Although there are many arguments questioning the existence of separate service mathematics modules as they seem to make the transition problematic for many students, there are several arguments as well for them to persist. The financial aspect is strong because usually service mathematics modules bring together large student cohorts (sometimes even from different application study programmes), with diverse mathematics backgrounds, different needs and with different goals, which then legitimize the isolation and applicationist approach to service mathematics (Romo-Vázquez & Artigue, 2023). When service mathematics modules bring together students from different specializations within a single field, there are opportunities to provide relevant examples from that field, in addition to making it easy for a student to change specialization at a later stage as the mathematical competencies for the other specialization have presumably been achieved in the first year (Rønning, 2023). ‘Another argument used in favour of general mathematics courses is that one of the strengths of mathematics is exactly the fact that it is general and that one of the competencies that students should acquire by studying mathematics is to adapt to new and unknown situations’ (Rønning (2023, p. 694).

Additionally, there is the idea of students taking service mathematics module(s) in the first year because it is meant to provide the students with the skills and competences they need for later courses in their application study programmes (Alpers, 2020; Hochmuth et al., 2021). Generally, there is a conviction that it would not be a satisfactory solution only integrating mathematics in the application courses (Kortemeyer & Biehler, 2023).

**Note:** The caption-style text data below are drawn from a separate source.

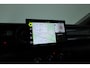 Renault Twingo urban range techno 27.5 kWh | Rijklaar! | Adapt. Cruise | Camera | Navi | Apple CarPlay |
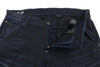 Jeans 5620 3D Skinny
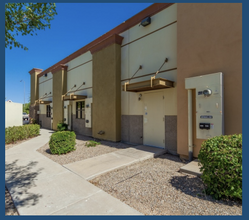 1906 N Higley Rd, Mesa, AZ for sale Building Photo- Image 1 of 2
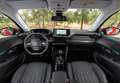 Peugeot 208 1.5 BlueHDi S&S Allure Pack 100 Bleu - thumbnail 40
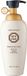 Daeng Gi Meo Ri Oriental Conditioner 500 ml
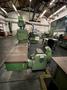 HERKULES  WS300 ROLL GRINDER WITH CROWNING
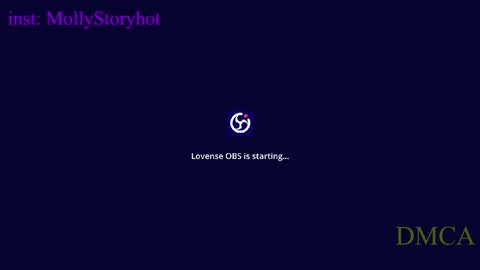 Snapshot of mollystory chatting on 03/07/26, 07:44 AngelMomm online show from 03/07/26, 07:44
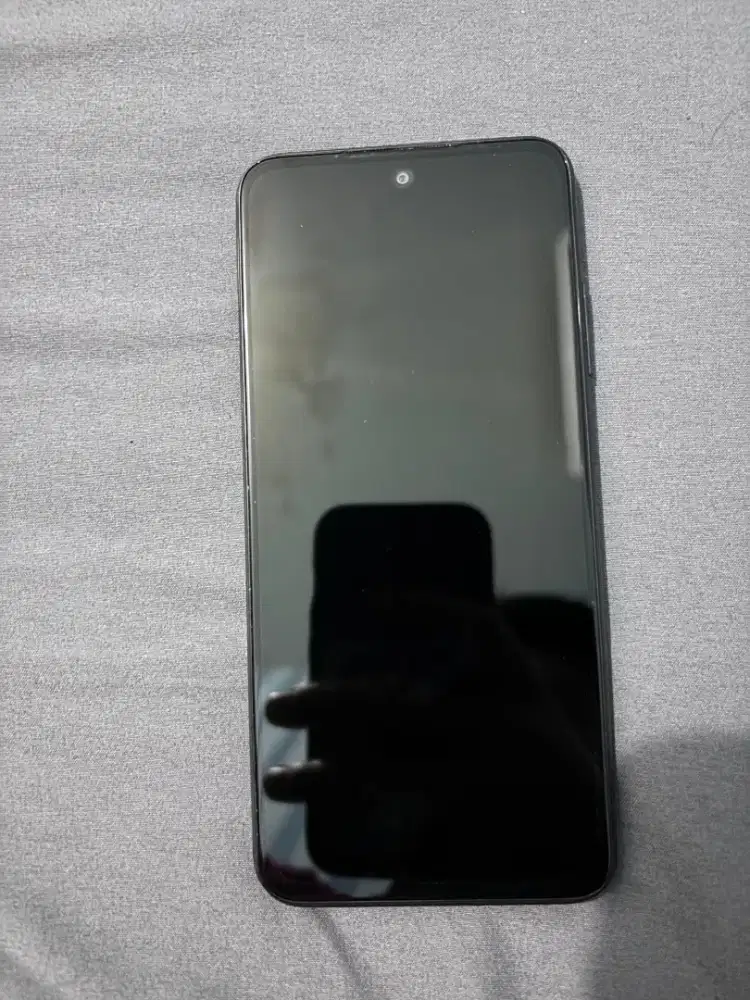 REDMI NOTE 10 5G 8/128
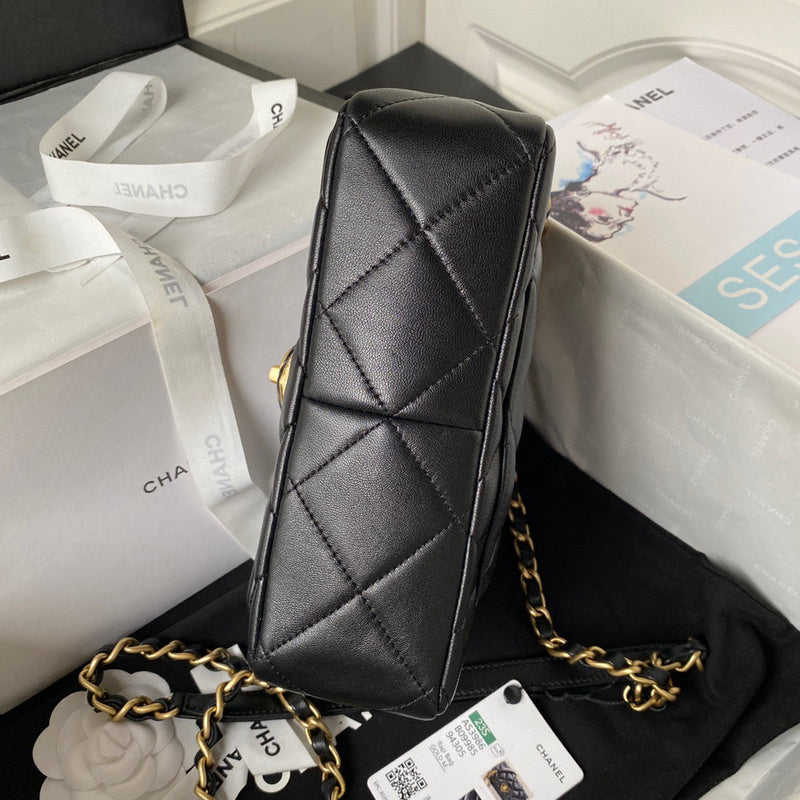 Amelia- CHL Bags - 7544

Mathematics is often described as an essential tool when studied as a service subject (Macbean, 2004). Nonetheless, Harris et al. (2015, p. 322) argued that ‘mathematics is not generally like a “tool” that can be picked up and applied in various places without adjustment, modelling, and even sometimes rebuilding one’s mathematical knowledge’. Feudel (2023) found that basic economics textbooks frequently feature symbolic methods from calculus (as opposed to engineering textbooks in the case of integrals (González-Martín, 2021)), but the symbolic methods are additionally presented with two further dimensions: their geometric interpretation and their application within economics contexts. Rønning (2023) proposes students’ need to master the interplay between ‘praxeologies’ (as conceived in the Anthropological Theory of Didactics). Particularly, he found students needing not only mathematical techniques or electrical engineering techniques for solving tasks but also an understanding for the justification of the use of the techniques from both disciplines to solve problems in electrical engineering. Several other studies similarly address students’ (in)ability to apply mathematics in the application courses (Christensen, 2008; Alpers et al., 2013; Hester et al., 2014; Harris et al., 2015; Randahl, 2016).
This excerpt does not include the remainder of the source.